Kaine Expresses Frustration on Behalf of Thousands of Sailors Who Expected to Deploy This Week
WASHINGTON, DC – Today, U.S. Senator Tim Kaine questioned Secretary of Defense Leon Panetta and Chairman of the Joint Chiefs of Staff General Martin Dempsey on the devastating effects sequestration is already having in Virginia. In a Senate Armed Services Committee hearing, Kaine voiced his agreement with Panetta that the greatest threat to our national security today is budget uncertainty. During his testimony, Panetta noted that budget uncertainty, “could prompt the greatest national security readiness crisis in more than a decade.”
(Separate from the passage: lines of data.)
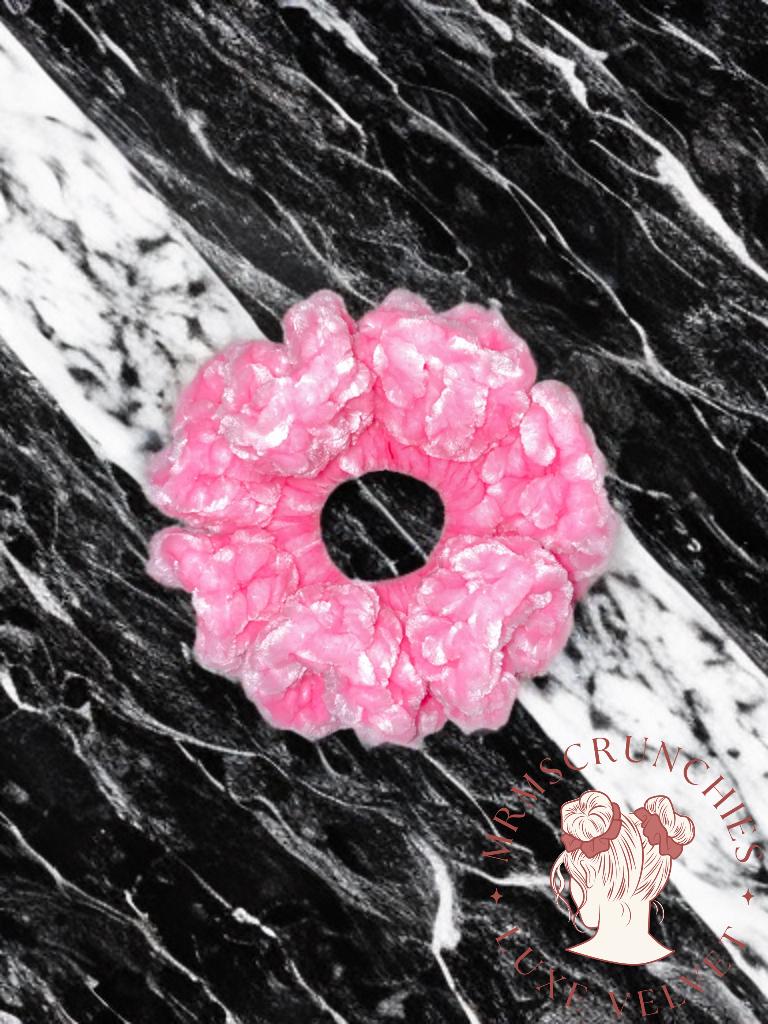 Mini Pink Luxe Velvet Scrunchie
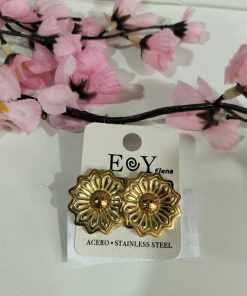 PENDIENTES FLOR DORADA M.FLOR-16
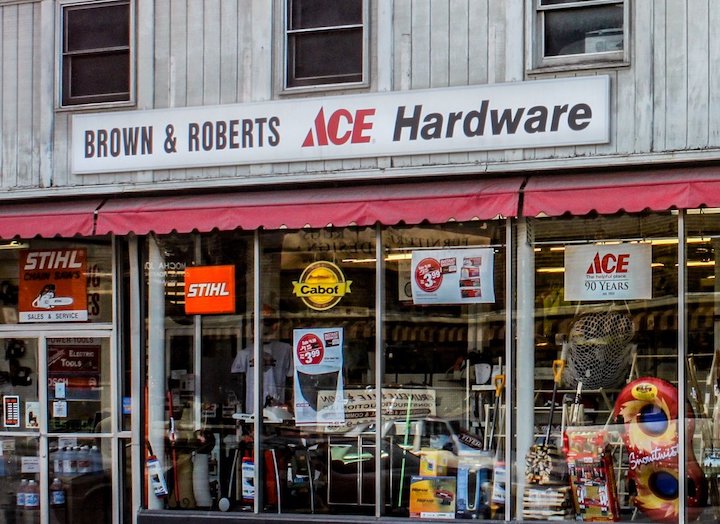 Storefront photo of Brown & Roberts Ace Hardware Store on Main Street in Brattleboro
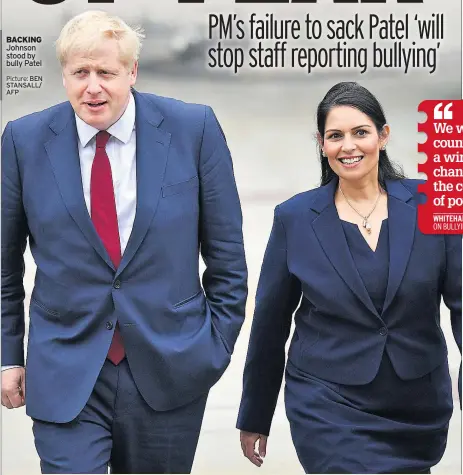  ?? Picture: BEN STANSALL/ AFP ?? BACKING Johnson stood by bully Patel
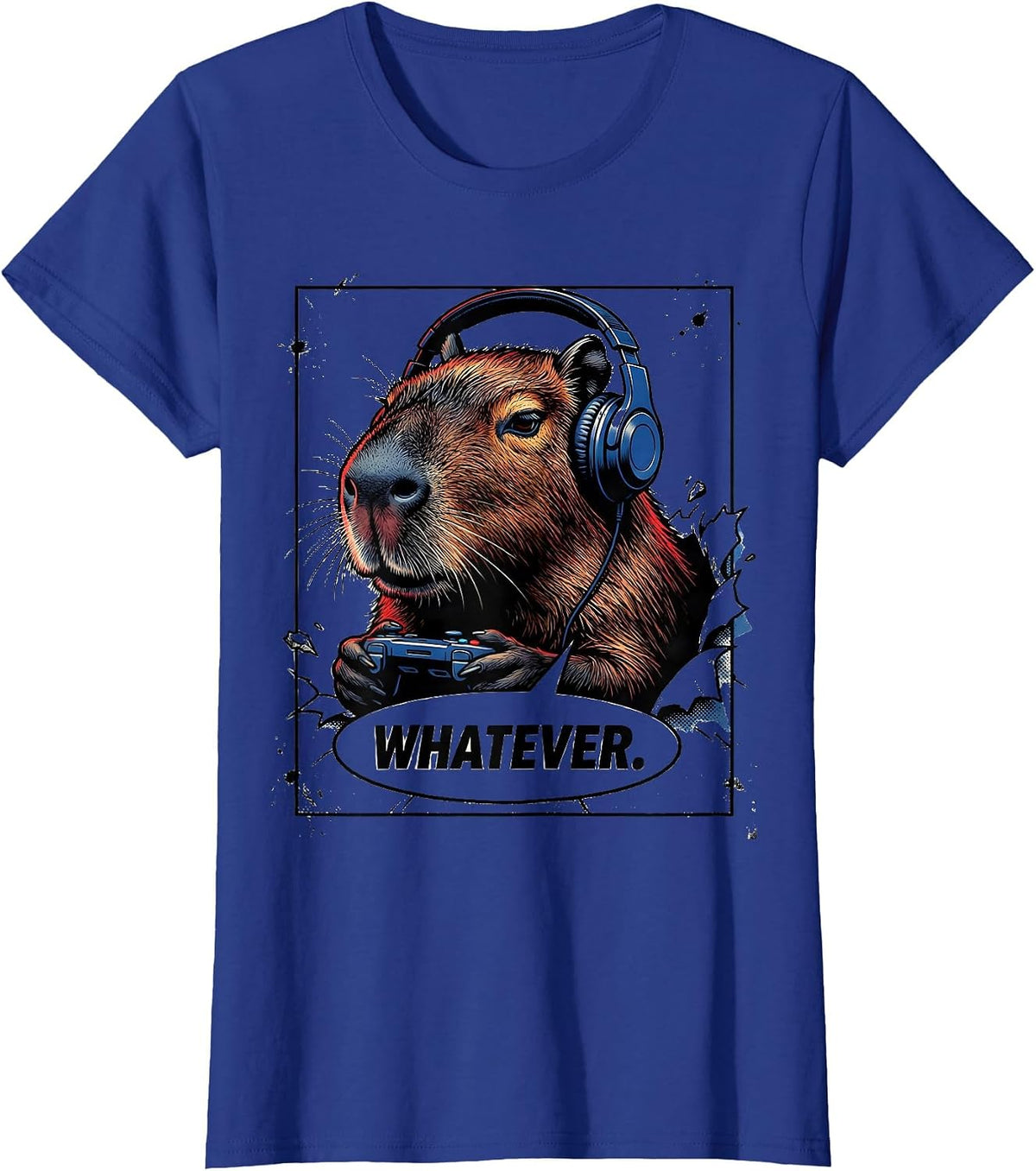 Women's WHATEVER Comic Book Capybara Gamer Meme Humor T-Shirt - Royal Blue
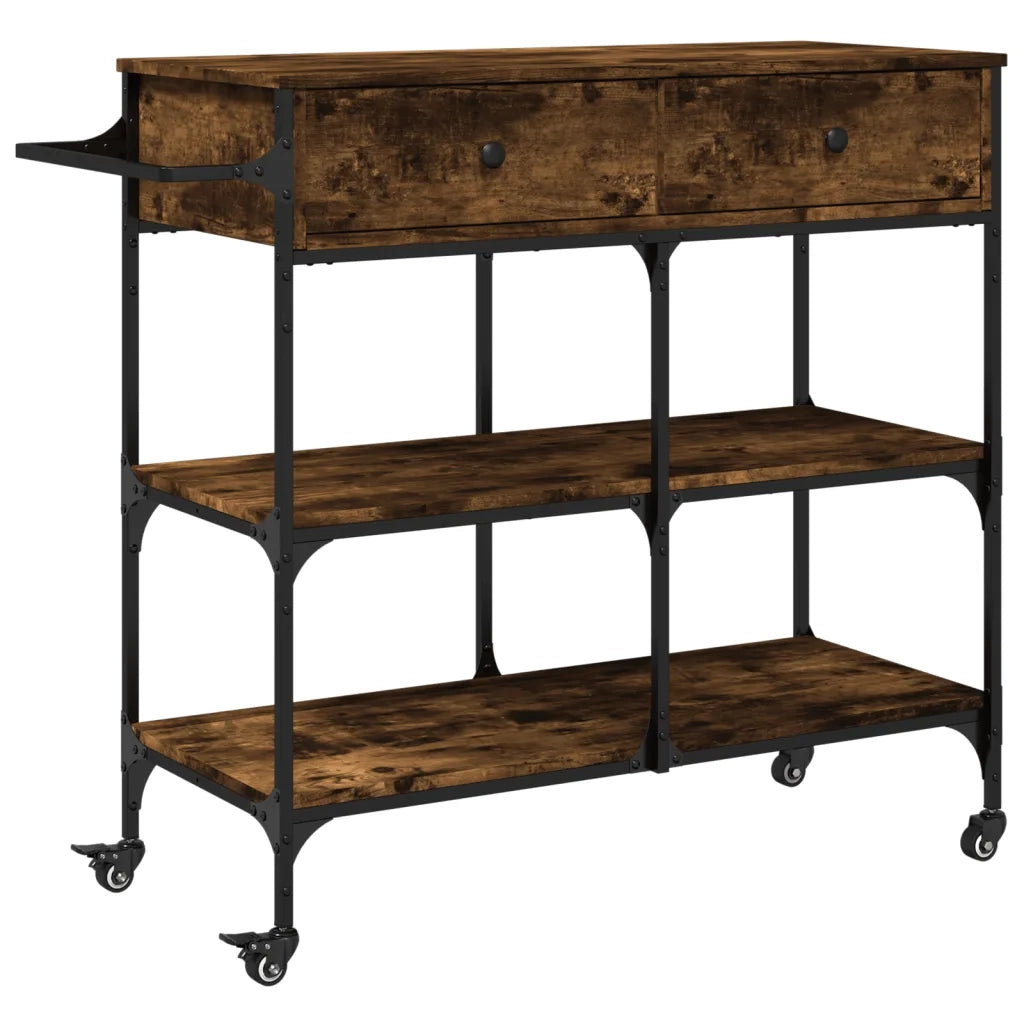 Carrello da Cucina-Scaffale per Cucina Rovere Fumo 105x42x95 cm Legno Multistrato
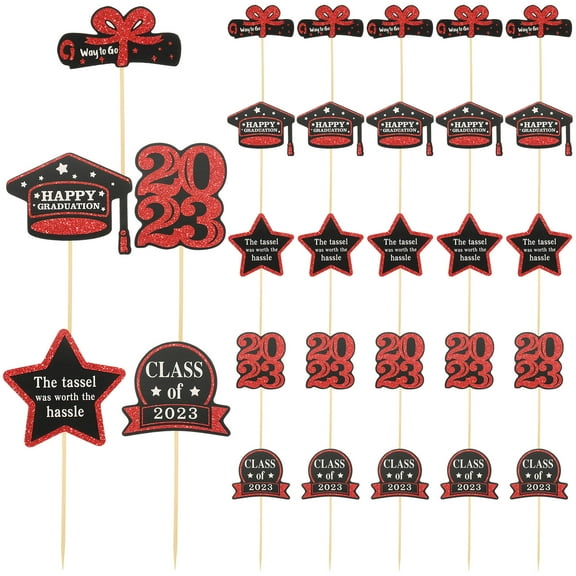 PBPBOX Graduation Party Decoration Synthetic Material Cupcake Picks for Cake Dessert Fruit Assorted Color
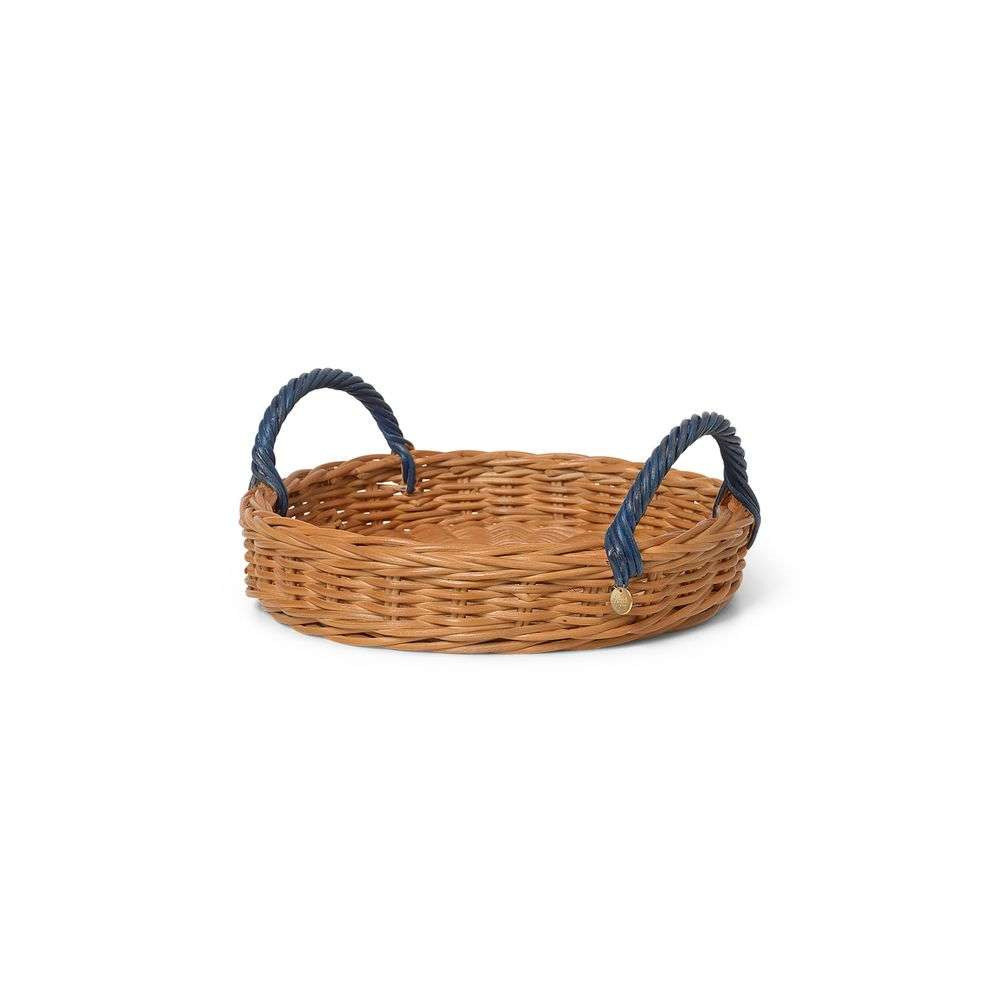 Image of Blue Handle Tray Natural/Blue - Ferm Living bei Lampenmeister.ch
“Our ability to respond to any of those security threats [Iran, North Korea, Al Qaeda] is completely dependent on a national security posture that is informed by budget decisions rather than budget indecision,” Kaine said.
Kaine asked Panetta about the most immediate effect of sequestration that’s been seen in Virginia – the delayed deployment of the USS Harry S. Truman, an aircraft carrier based out of Norfolk. The Department of Defense cited uncertainty in its budget as the primary reason to delay the deployment of the Truman to the Middle East. The delay affects more than 5,000 sailors and will mean a diminished presence of the U.S. Military in the Middle East.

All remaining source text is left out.